Assim sendo, não restaria outra postura senão condenar as políticas imediatistas que tentam garantir apenas o bem estar de curto prazo e o direito de uma geração aproveitar integralmente dos recursos naturais existentes. Todas essas questões e outras que podem ser levantadas sobre a natureza e sociedade estão em constante transformação por sua vinculação aos sistemas dinâmicos que fazem parte. Cabe ao educador da infância estar atento e pronto para refletir sobre elas.

Notas

1. Ver COPENHAGEN CONSENSUS. “The Results”
2. CAPRA, F. “Alfabetização Ecológica”, in A Teia da Vida.
3. Ver PARFIT, D. “Future Generations: Further Problems”, pp. 113 e ss.
4. Ver KANT, I. Crítica da Razão Prática, I part, liv.

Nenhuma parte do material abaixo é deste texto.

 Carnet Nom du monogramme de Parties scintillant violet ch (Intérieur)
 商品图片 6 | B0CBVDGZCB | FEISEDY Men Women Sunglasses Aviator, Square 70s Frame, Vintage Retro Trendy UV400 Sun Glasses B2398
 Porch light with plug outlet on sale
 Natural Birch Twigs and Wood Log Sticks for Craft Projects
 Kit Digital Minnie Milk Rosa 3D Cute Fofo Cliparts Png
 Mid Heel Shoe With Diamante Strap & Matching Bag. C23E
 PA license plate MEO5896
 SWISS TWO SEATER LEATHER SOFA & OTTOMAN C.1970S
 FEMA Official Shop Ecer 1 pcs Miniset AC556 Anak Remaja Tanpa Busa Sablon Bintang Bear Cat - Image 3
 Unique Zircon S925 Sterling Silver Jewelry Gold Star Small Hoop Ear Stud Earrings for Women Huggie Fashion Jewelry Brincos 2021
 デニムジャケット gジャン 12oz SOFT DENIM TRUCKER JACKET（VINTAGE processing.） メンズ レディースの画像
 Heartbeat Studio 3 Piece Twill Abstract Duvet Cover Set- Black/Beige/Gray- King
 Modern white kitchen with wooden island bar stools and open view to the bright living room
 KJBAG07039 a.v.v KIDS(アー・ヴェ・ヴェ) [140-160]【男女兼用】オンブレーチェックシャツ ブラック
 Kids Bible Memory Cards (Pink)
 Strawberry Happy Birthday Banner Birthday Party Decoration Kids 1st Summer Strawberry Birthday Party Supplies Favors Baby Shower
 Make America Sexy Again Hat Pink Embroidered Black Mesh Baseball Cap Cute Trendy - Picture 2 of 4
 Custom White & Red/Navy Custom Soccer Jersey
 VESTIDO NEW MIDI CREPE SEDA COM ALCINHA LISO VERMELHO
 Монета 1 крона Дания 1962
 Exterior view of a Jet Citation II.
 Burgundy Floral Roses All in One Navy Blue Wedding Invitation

I, cap. 1, §7, A54.

Referências Bibliográficas

CAPRA, F. A Teia da Vida. – São Paulo: Cultrix e Amana-key, 1997.
CARTA DAS CIDADES EDUCADORAS. – Gênova: Congresso Internacional das Cidades Educadoras, 2004.
COPENHAGEN CONSENSUS. Disponível na internet via http://www.copenhagenconsensus.com/CCC%20Home%20Page.aspx
KANT, I. Crítica da Razão Prática; trad. Artur Morão. – Lisboa: Edições 70, 1986.
PARFIT, D. “Future Generations: Further problems”, in Philosophy & Public Affairs, 11, nº2, 1981.